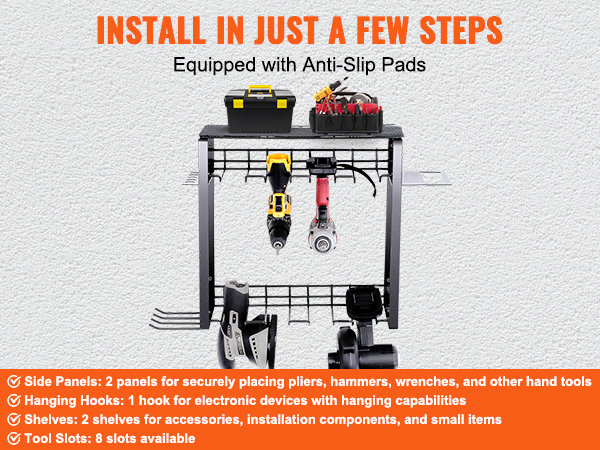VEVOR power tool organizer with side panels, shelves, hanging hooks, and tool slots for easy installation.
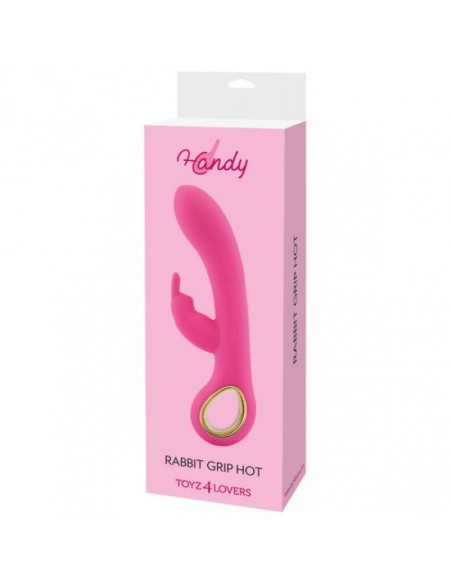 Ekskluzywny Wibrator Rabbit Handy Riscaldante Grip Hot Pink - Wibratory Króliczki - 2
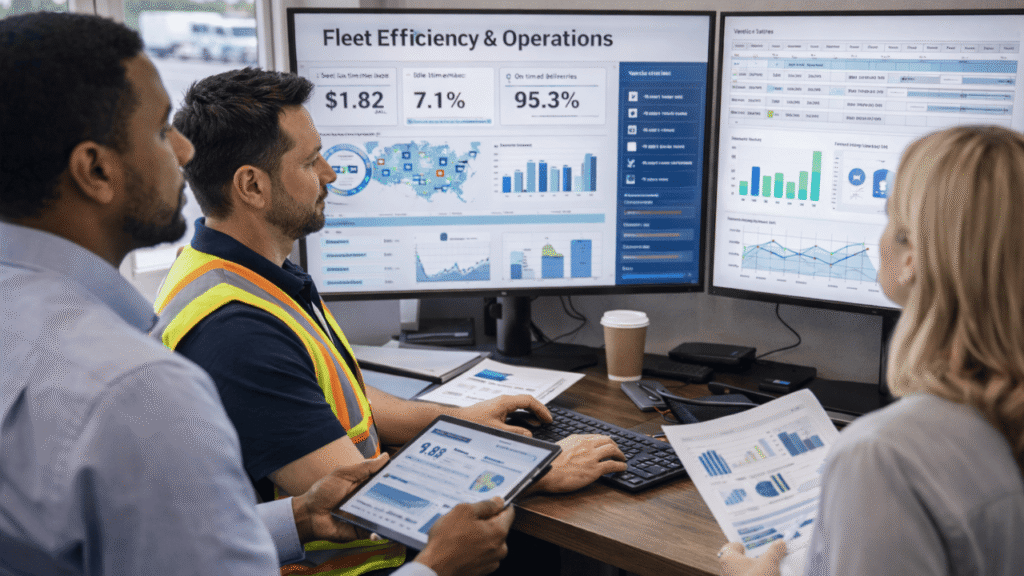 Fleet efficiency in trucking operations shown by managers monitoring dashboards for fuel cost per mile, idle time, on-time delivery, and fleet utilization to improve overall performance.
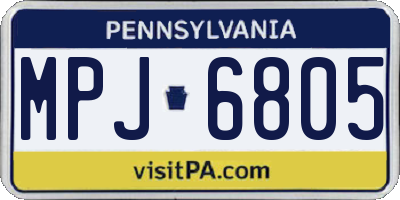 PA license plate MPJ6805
...
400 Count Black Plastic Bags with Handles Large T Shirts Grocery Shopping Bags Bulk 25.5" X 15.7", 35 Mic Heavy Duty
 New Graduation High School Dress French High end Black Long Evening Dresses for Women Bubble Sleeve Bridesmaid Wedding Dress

_The task_. Reproduce word for word the material above, beginning with the line that contains "400 Count Black" and ending with the line that contains "New Graduation High".

_Task answer_.
400 Count Black Plastic Bags with Handles Large T Shirts Grocery Shopping Bags Bulk 25.5" X 15.7", 35 Mic Heavy Duty
 New Graduation High School Dress French High end Black Long Evening Dresses for Women Bubble Sleeve Bridesmaid Wedding Dress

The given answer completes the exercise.